Grundgesetz steht über Bibel und Koran

von Hartmut Metzger

Hartmut Metzger

Wenn es die "Bild"-Zeitung mit einem Zitat aus angeblichen Geheimakten der Bundesregierung und der Schlagzeile "1,5 Millionen Flüchtlinge erwartet" bis in die seriösen Nachrichtenportale schafft, ist das bemerkenswert. Wenn der Bundespräsident die Kanzlerin auf ungeliebte Wahrheiten hinweisen muss, die auszusprechen, sich Angela Merkel scheut, ist die bundesweite Verunsicherung zudem groß. Aber es ist wahr: Auch die Möglichkeiten Deutschlands sind beschränkt, und wir können die Flüchtlinge nur so lange aufnehmen, wie Länder und Kommunen den unregulierten Zustrom irgendwie bewältigen.

Weshalb erklärt die Kanzlerin nicht, dass die deutschen Aufnahmekapazitäten endlich sind? Etwa weil ihr Satz "Wir schaffen das" samt Hinweis auf das gültige Asylrecht und den "Selfies" mit Migranten eine Wirkung entfaltet haben, die sie selbst nicht wollte? Zum einen sind Flüchtlinge über Internetforen in regem Kontakt, zum anderen hat sie zur massenhaften Migration nicht aufgerufen. Angesichts des Zustroms ist sie aber jetzt gefordert. Deutschland kann nicht mehr versprechen als es halten kann – und Merkel muss deutlich machen, was Migranten hier erwartet.

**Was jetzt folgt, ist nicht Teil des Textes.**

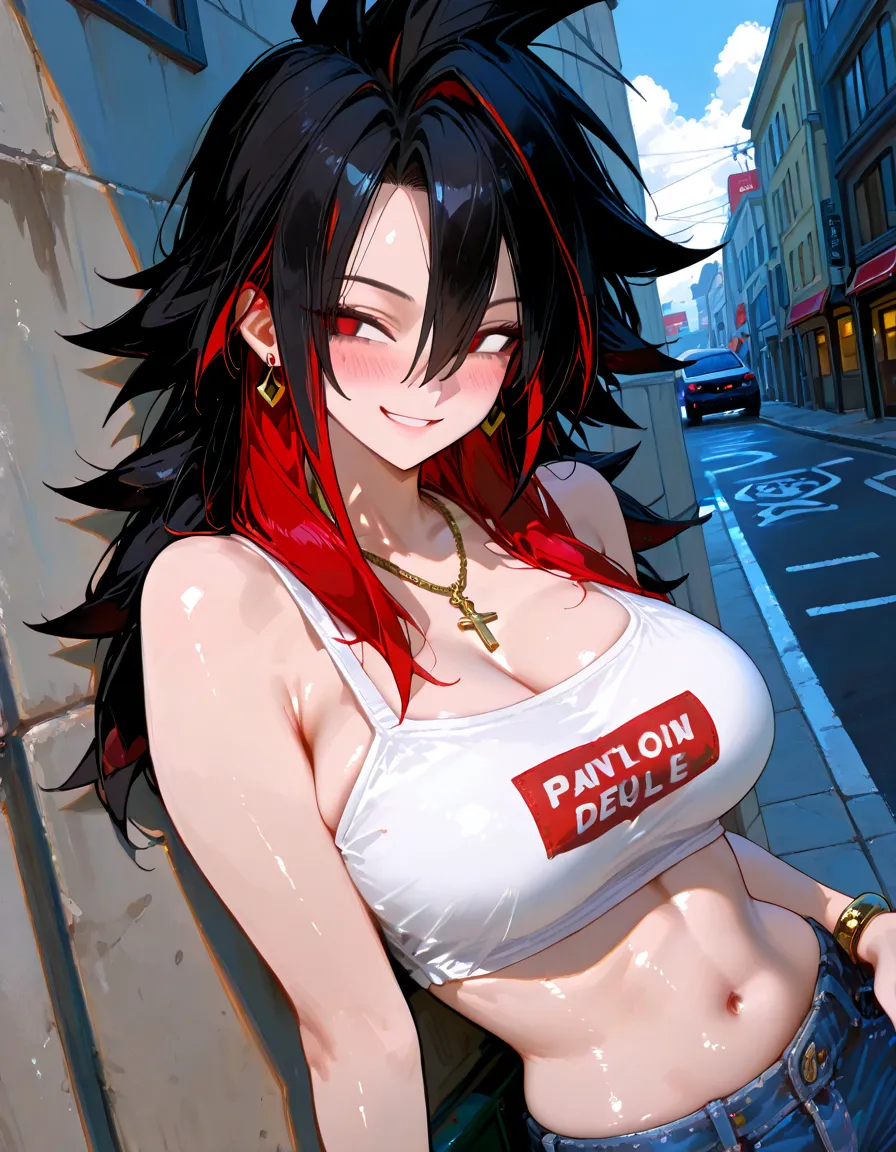 realistic, 1girl, a busty elf with black hair and brown eyes, she has big round breasts, shining eyes, black crop top with a red print, denim hot pants, colorful sneaker, parted lips, blush, Route 66, s, she is leaning against a muscle car, straight legs, bending forward, it is windy and her hair is waiving in the wind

Wie im Streit mit Griechenland steht sie erneut in der vordersten Linie. Sie ist die Galionsfigur, die alle beobachten, um zu schauen, wohin die Reise geht. Vielleicht ist sie durch die "dornigen Rosen aus Athen" auch etwas dünnhäutig geworden, und die vielen herzlichen Sympathiebekundungen der Flüchtlinge haben sie ein wenig beseelt. Umso mehr ist es aber an ihr, deutlich zu erklären, wie und wegen welcher Grundwerte die deutsche Gesellschaft funktioniert. Hier steht das Grundgesetz eben nicht unter, sondern über Bibel und Koran.

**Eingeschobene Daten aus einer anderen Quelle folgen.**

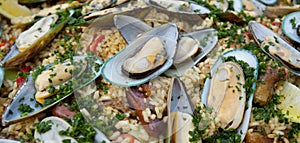 Paella close up, with mussels and rice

Selbstverständlich geht es auch künftig darum, Flüchtlinge aus Krisengebieten, die bisweilen tausende Kilometer unter schlimmsten Bedingungen hinter sich haben, freundlich zu empfangen und Obdach zu bieten. Angesichts der Tatsache, dass Hunderttausende von ihnen schließlich in Deutschland bleiben werden, ist es aber auch notwendig, ihnen von Anfang an klarzumachen, dass es hier Regeln gibt, an die sich alle zu halten haben. Es ist ja gerade das Zusammenleben aufgrund dieser Regeln, das sie aus fernen Ländern hierher führt.

Hier darf jeder seine Religion ausüben, und er kann es lassen, wenn er will. Meinungsfreiheit und Toleranz sind nicht für jeden selbstverständlich ebenso wenig wie die Gleichberechtigung von Mann und Frau. Wir selbst müssen uns bewusst machen, auf ­welcher Grundlage wir leben. Wir müssen sie deutlich machen und verteidigen, leider nicht nur gegenüber jenen, die jetzt zu uns kommen. Aber viele von ihnen müssen erst noch lernen, weshalb sich dieses Land, nach der Reformation, nach der Aufklärung und den schrecklichen Ereignissen des vergangenen Jahrhunderts, derart erfreulich entwickelt hat.